Dans les coulisses de l’accueil réservé à l’ancien président Macky Sall, les mots ont volé très bas entre le service du protocole de la présidence et les responsables de l’Alliance pour la République. De 150 personnes prévues à l’accueil sur le tarmac de l’aéroport militaire Léopold Sédar Senghor, seuls quatre responsables seront autorisés à attendre Macky Sall à la coupée de l’avion.
Ce devait être un moment de communion, une image de rassemblement autour de l’ancien chef de l’État. Mais dans les coulisses de l’aéroport Léopold-Sédar-Senghor, samedi, le retour au pays de Macky Sall s’est transformé en bras de fer silencieux entre le protocole présidentiel et ses propres partisans de l’Alliance pour la République (APR).
Selon les révélations du quotidien Les Échos, tout a dérapé autour d’une question en apparence anodine : combien de personnes auraient le privilège de se tenir au pied de l’avion pour accueillir l’ancien président ? Après des heures de négociations, un chiffre avait pourtant été acté – 150 fidèles, un compromis qui semblait satisfaire tout le monde.
Mais à la veille de l’arrivée, coup de théâtre. Sans un mot d’explication, le protocole de la présidence a brutalement revu sa copie. Le quota fondait comme neige au soleil : de 150, il passait à… quatre. Quatre personnes seulement. Une gifle protocolaire que les cadres de l’APR ont eu du mal à digérer.
« Ils nous ont laissés sans justification, comme si on devait avaler cette décision sans broncher », confie un responsable du parti, encore sous le choc. Des tentatives de dernière minute pour sauver les meubles ont bien eu lieu, histoire de « trouver un juste milieu », mais le protocole est resté inflexible, campé sur ses quatre élus, sourd à toute conciliation.

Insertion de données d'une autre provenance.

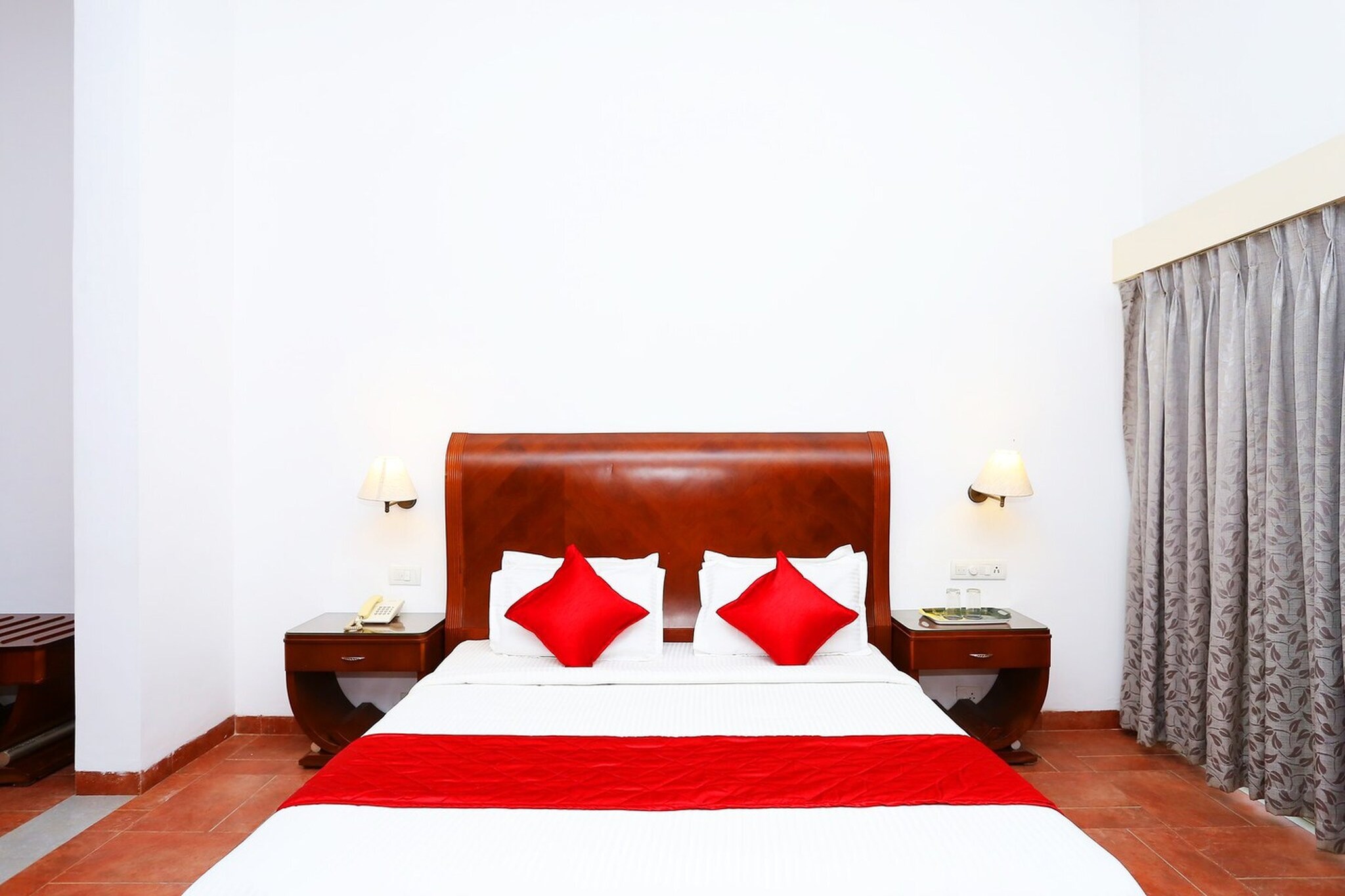 Townhouse Island Inn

Face à ce qu’ils ont perçu comme une humiliation orchestrée, les dirigeants de l’APR ont pris une décision radicale : plutôt que de se plier à cette mise à l’écart, ils ont choisi de boycotter purement et simplement l’accueil sur le tarmac. Pas question de jouer les figurants à distance. Ils ont préféré rejoindre la foule des militants massés aux abords de l’aéroport, là où l’émotion est vraie et où personne ne compte les têtes.

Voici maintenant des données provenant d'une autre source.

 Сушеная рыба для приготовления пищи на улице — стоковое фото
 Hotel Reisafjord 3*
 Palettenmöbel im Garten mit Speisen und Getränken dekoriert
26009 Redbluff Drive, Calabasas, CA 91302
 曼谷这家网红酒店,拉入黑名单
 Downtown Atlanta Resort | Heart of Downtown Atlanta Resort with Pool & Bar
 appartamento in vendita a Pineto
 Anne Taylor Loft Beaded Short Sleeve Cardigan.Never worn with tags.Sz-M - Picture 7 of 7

Ce geste, teinté de défi, en dit long sur l’état des relations entre l’ancien camp présidentiel et la nouvelle gouvernance. Ce qui devait être une fête populaire s’est mué en une discrète mais cinglante guerre des égos, où le symbolique a pris le pas sur le politique. Et si l’image officielle montrera Macky Sall descendant seul ou presque de son jet, ce sont bien les coulisses de ce boycott qui retiendront l’attention, tant elles dessinent les lignes de fracture d’une transition aux rapports de plus en plus tendus.